I can’t remember when something was getting so much hype from the media while so few people cared. I certainly don’t.

Now that he’s accomplished this circumnavigation by balloon, what good will it do mankind? What do we, as humans, do with whatever technology it is that helped him make it around the globe? Is there a dire need for great advances in balloon science that we’re not aware of? Are scientists jumping up and down, happy to see yet another natural obstacle overcome, leading us to a breakthrough of any sort?

I doubt it.

If there’s anything positive to take from Fossett being successful after five failed attempts, it’s that we no longer have to hear about him trying to achieve his feat.

Fossett’s flight reminds me of those guys who decide to battle the elements as they row a boat solo across the Atlantic.
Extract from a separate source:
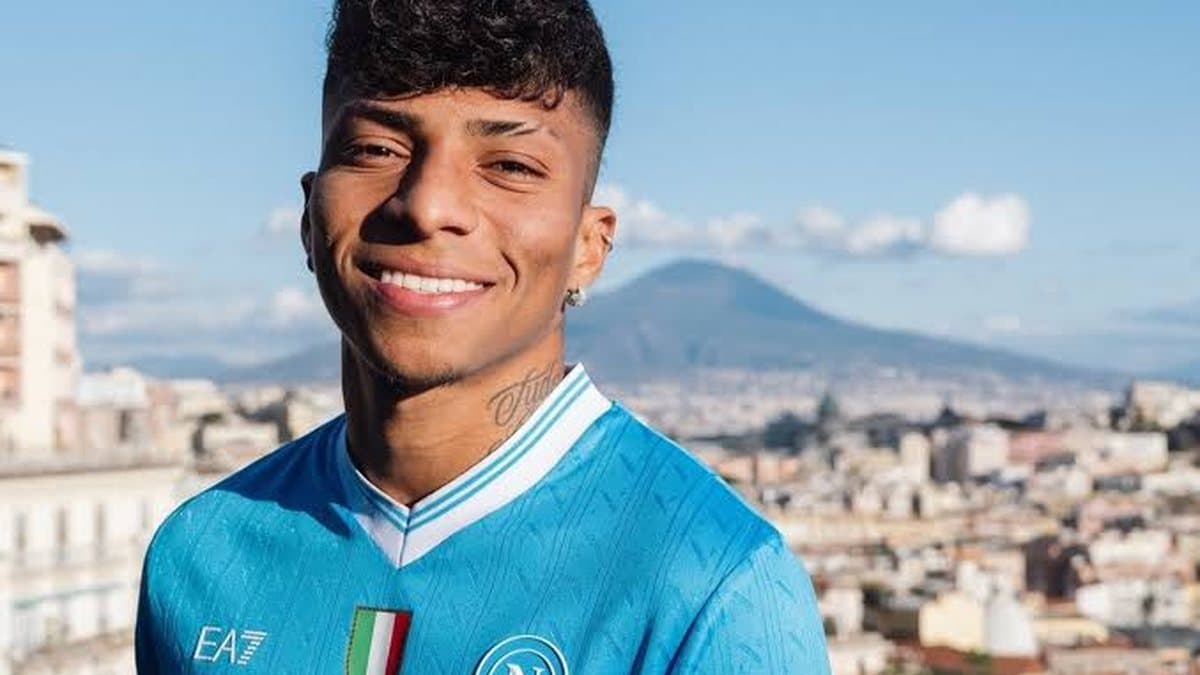 Alisson Santos É Emprestado ao Napoli Até 2026; Vitória Mantém Percentual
Or the chef who creates the world’s biggest burrito. I suppose they can be proud of their personal achievement, but I can’t imagine why anyone else would even bother taking notice. Except perhaps for Richard Branson, another guy with too much money and this odd ballooning hobby.
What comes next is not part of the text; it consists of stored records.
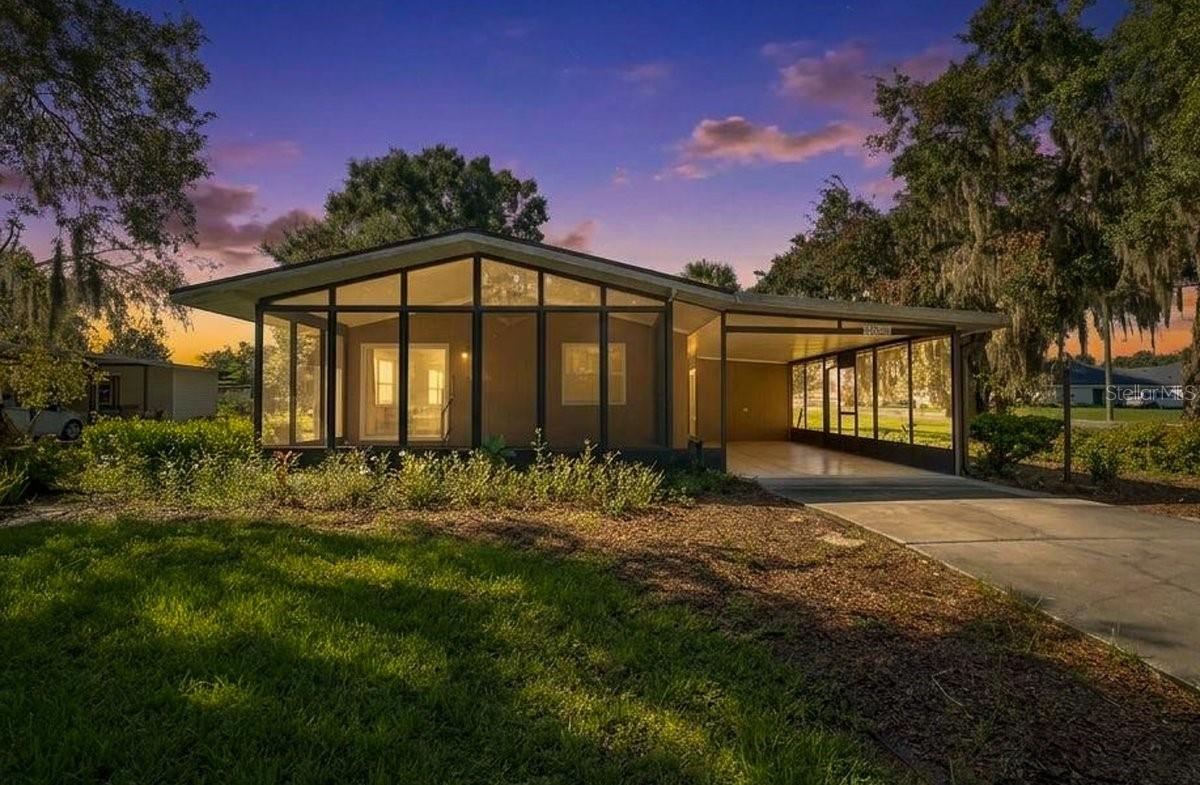Listing photo 1 for 15346 Carrolls Ct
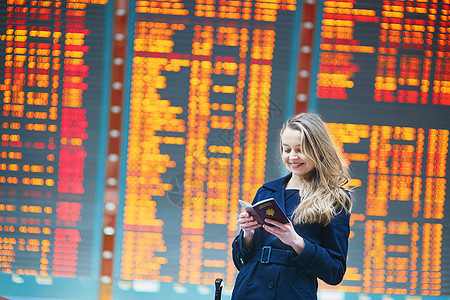 国际机场年轻妇女人数 女青年 旅行 护照 飞机场图片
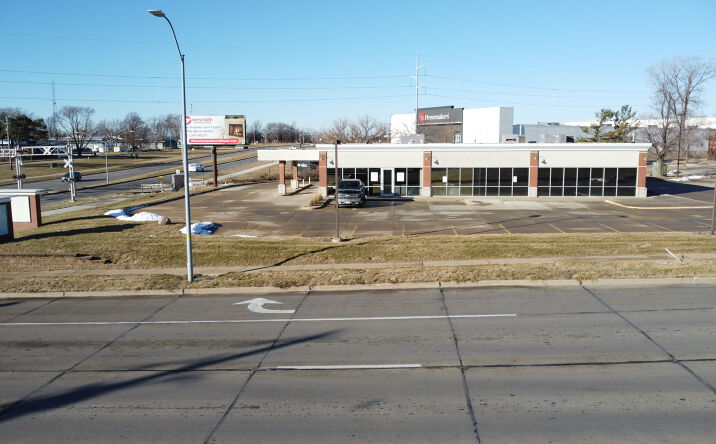 Pictures of Retail property located at 3800 100th St, Urbandale, IA 50322 for sales - image #1
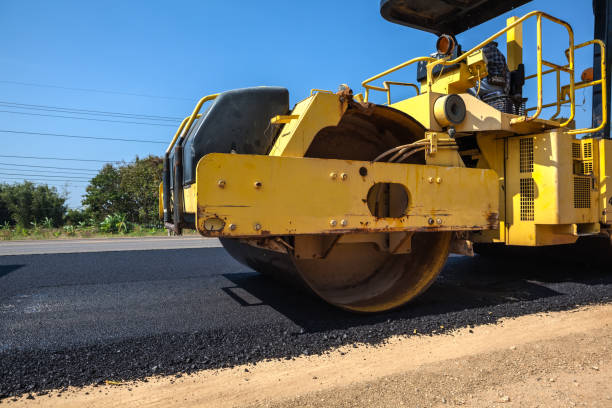 Best Asphalt Driveway Installation  in Edgewood, TX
It’s not that I have anything against hot air balloons. My wife and I once took a very nice ride in one. It didn’t remotely resemble the high-tech version Fossett used, but it was a lot of fun. We took off at dawn, just as the fog was lifting. Standing in the basket, we were amazed at how easily the basket lifted us off the ground. The pilot took us up several hundred feet by pulling on a cord attached to the burners a couple of feet above our heads. They shot giant flames upward to heat the air inside the balloon, which made us rise. Then, suddenly, he shut them off, and the air was incredibly still. It was that eerie, early morning quiet you can only hear out in the country before the world wakes up.

As we drifted over the treetops, the pilot pointed down at a cow standing in a pasture. He told us to keep our eyes on it as he blasted the burner for just a moment to keep us aloft. The sudden noise of the roaring flame made the cow jump and look around. It had no way of knowing that the sound was coming from above, and I remember wondering what was going through the cow’s mind at that point. Must’ve confused the hell out of her. I’m no animal behaviorist, but I doubt that cows have very much sense of the vertical.
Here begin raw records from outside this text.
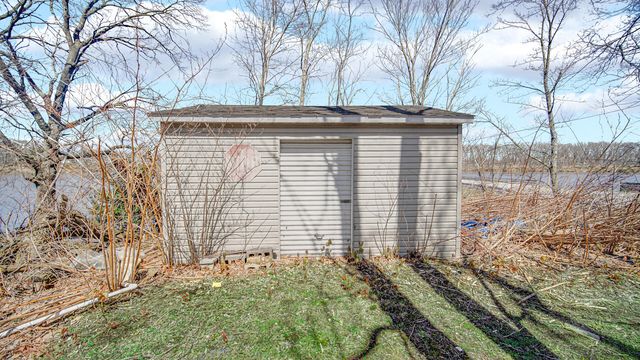 618 S Wisconsin Street, Hobart, IN 46342
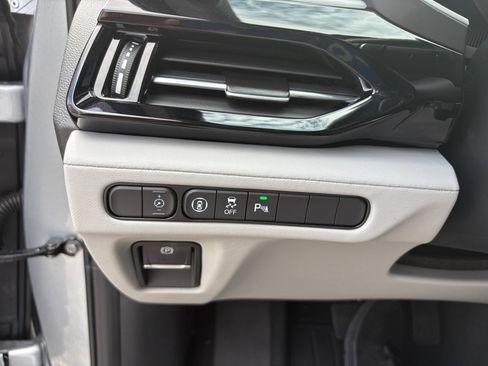 Certified 2026 Acura MDX FWD w/ Technology Package image 12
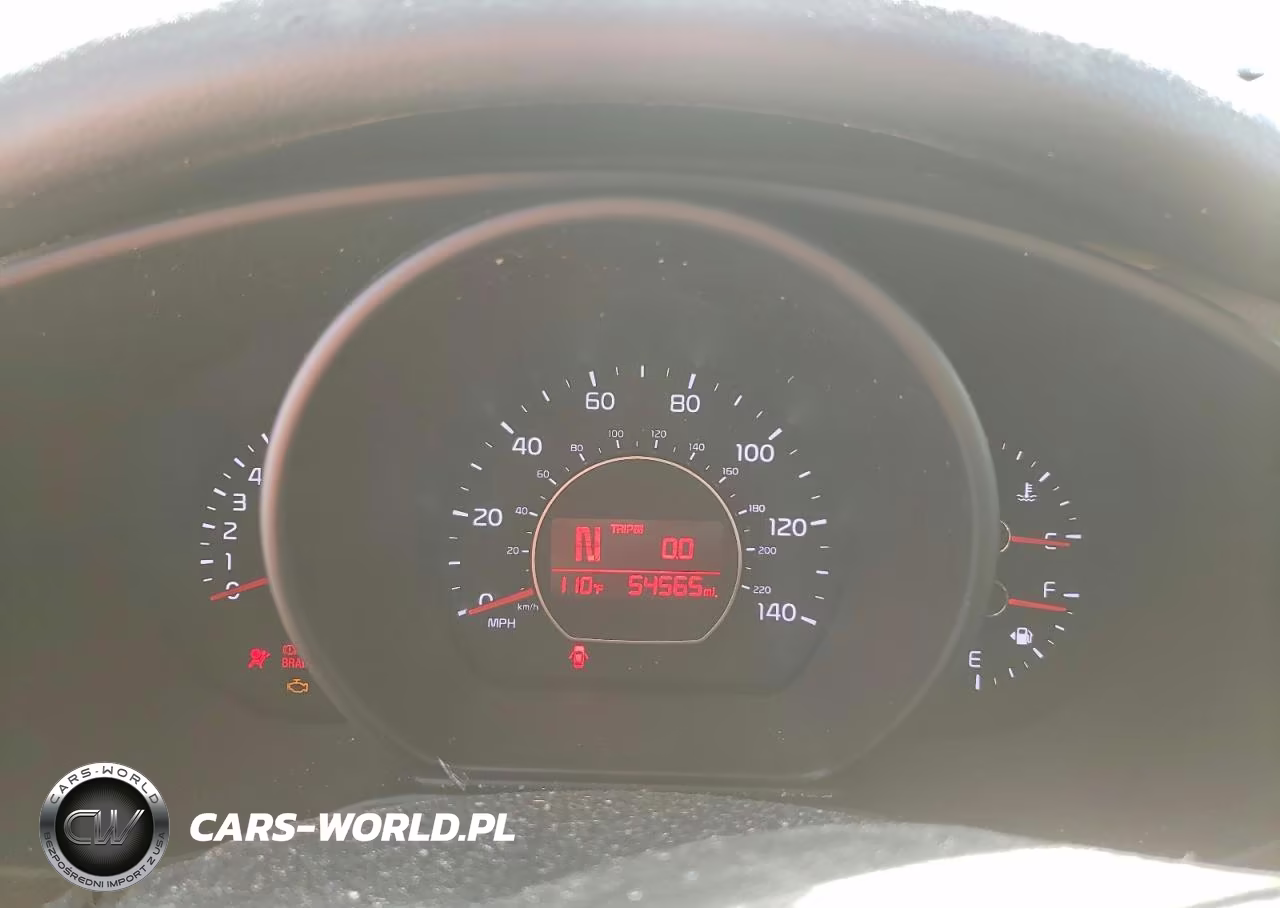 2018 Kia Soul + VIN:KNDJP3A52J7516297 - 9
We were up for the better part of an hour, and then the pilot, with the help of his partner in a chase van below, began looking for a place to land. Spotting a field that looked big enough, he began our descent as gravity did its job. He warned us that this was the roughest part of ballooning, and he wasn’t kidding. The ground started coming up awfully quickly. The pilot told us to lean way back in the basket so the whole thing wouldn’t tip over when we hit. It almost did, anyway. Suffice it to say that hot air balloons don’t come to a nice, quiet stop on a dime. We bumped and dragged along the ground for a couple dozen yards before friction overcame inertia and we ground to a halt.

Once the pilot had made sure that we were okay, he asked, “They don’t tell you about that when you sign up, do they?” We replied, “No, they sure don’t” as we laughed it off. It was that nervous kind of laugh you make when you realize you just had a brush with possible injury -- like when you go to change lanes on the highway and at the last second glance over and realize there’s a car already in that lane and you would have hit it if you hadn’t swerved back into your own lane.

That’s the real reason the media paid so much attention to Fossett’s adventure. There was always a chance Fossett would die before reaching the finish line -- either by crashing into the ocean, or being shot down over Afghanistan by celebrants at a wedding party. The threat of death is always a more dramatic story. It’s why we remember Apollo 13, but not Apollo 14.

Those, by the way, were real milestones of aviation. But let’s not elevate Steve Fossett to the level of Orville and Wilbur Wright, Chuck Yeager, Yuri Gagarin, John Glenn, and Neil Armstrong. Somehow, I don’t see the great pioneers of future flight advances looking to this one for guidance in achieving their breakthroughs.

Unless they really want to scare the hell out of a lot of cows.